> WORK INSTRUCTION: Produce a word-for-word copy of the lines from the one that contains "Blue Lagoon Kosher" to the final line of the data below, with all pictures dropped.

> DATA EXCERPTS:
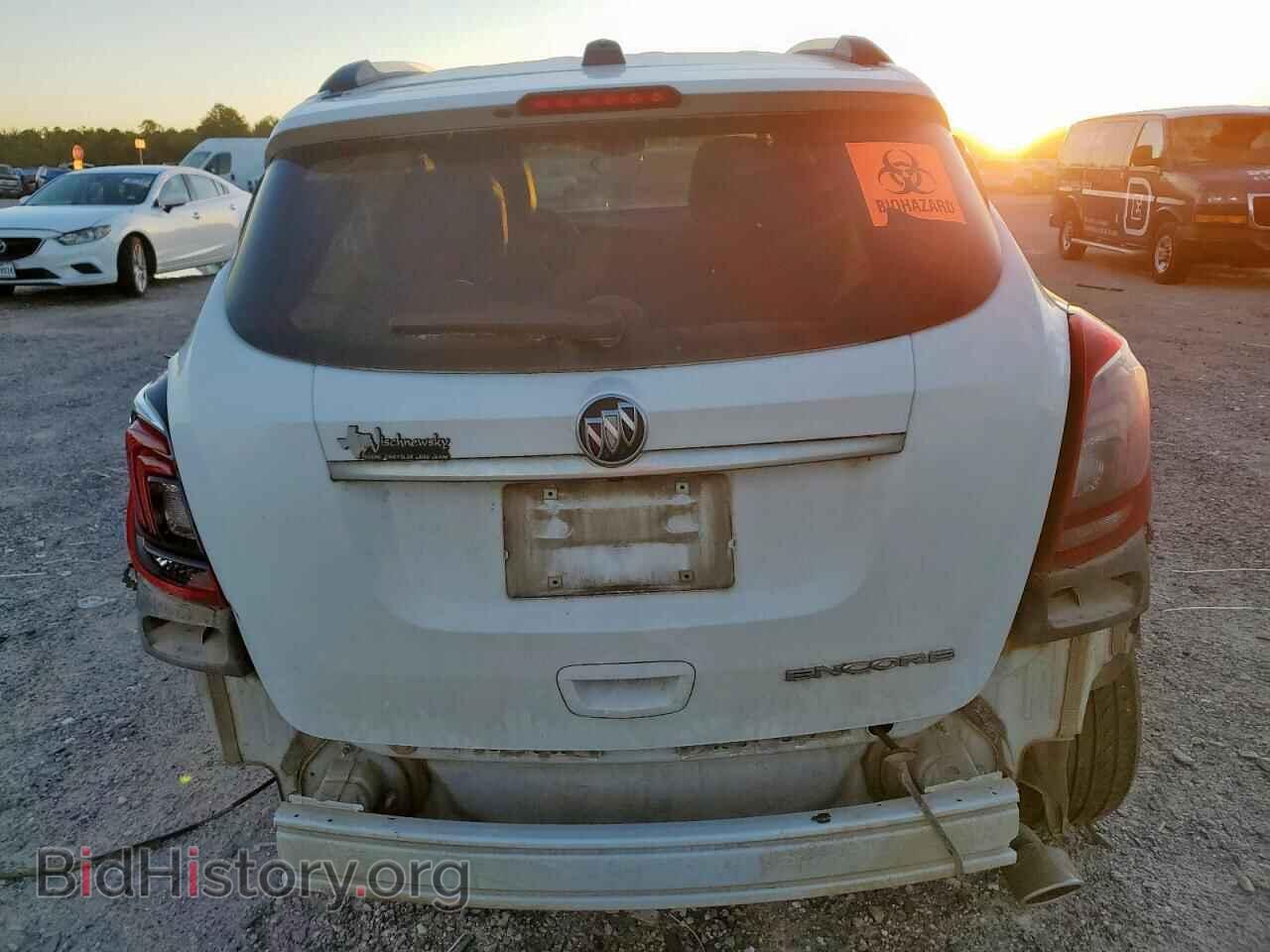 2019 BUICK ENCORE - VIN: KL4CJASB1KB777139 - Photo 6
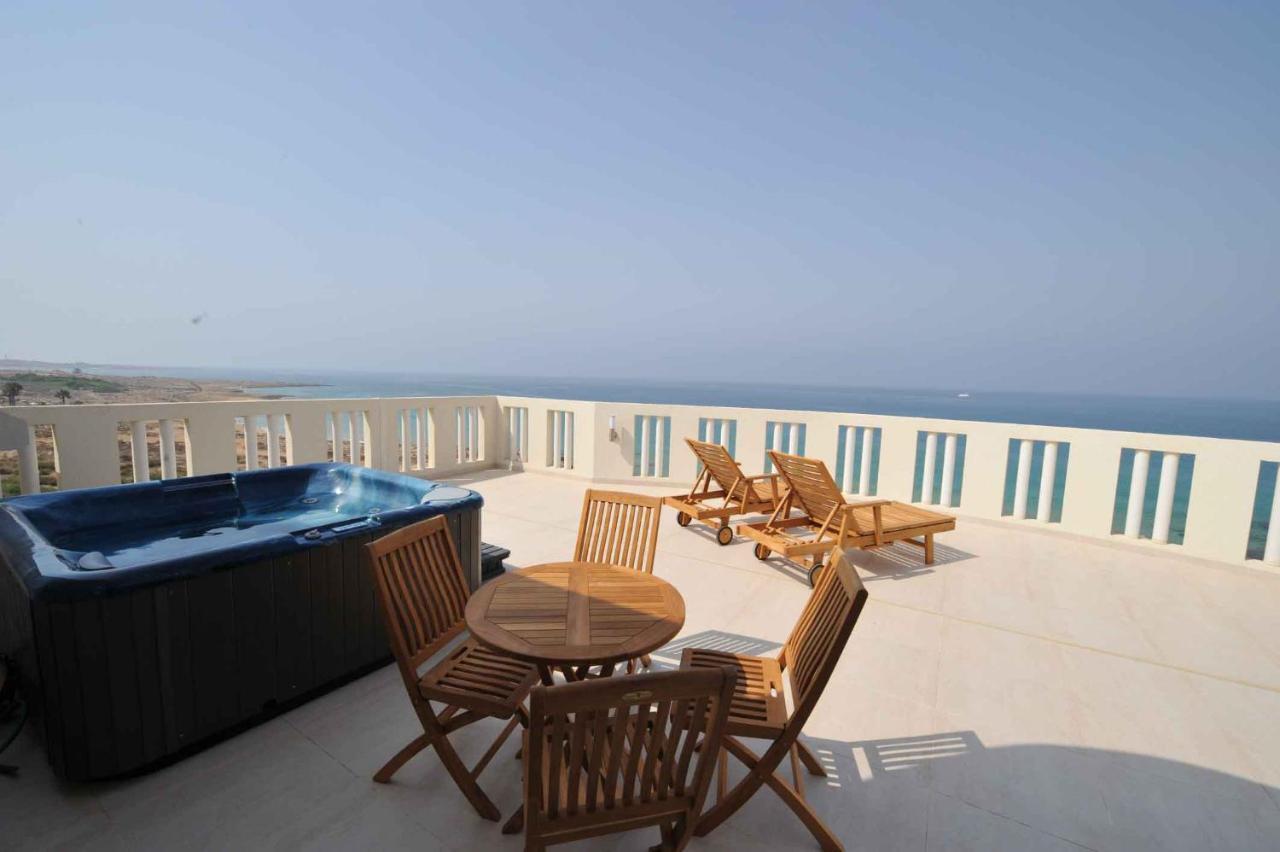 Blue Lagoon Kosher Hotel Paphos Exterior photo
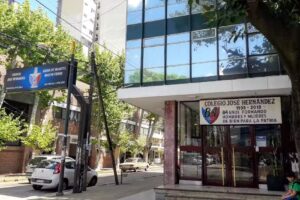 Colegio Jos&eacute; Hern&aacute;ndez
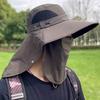Men's Sun Hat for Outdoor Casual Travel Hat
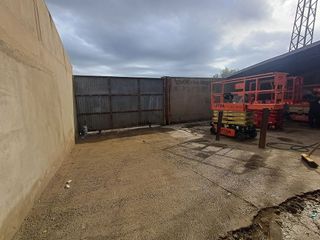 Nave industrial en venta en Silla
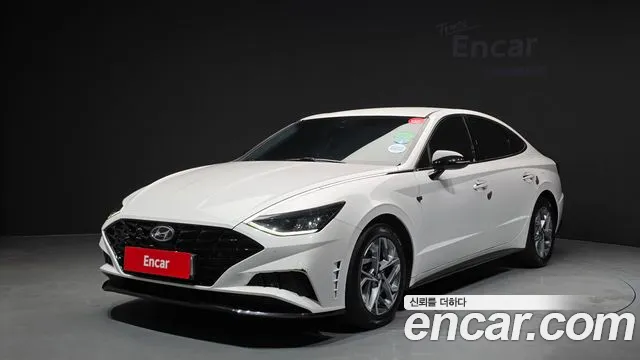 Hyundai Sonata (DN8) 2.0 Premium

> PROBLEM SOLUTION:
 Blue Lagoon Kosher Hotel Paphos Exterior photo
 Colegio Jos&eacute; Hern&aacute;ndez
Men's Sun Hat for Outdoor Casual Travel Hat
 Nave industrial en venta en Silla
 Hyundai Sonata (DN8) 2.0 Premium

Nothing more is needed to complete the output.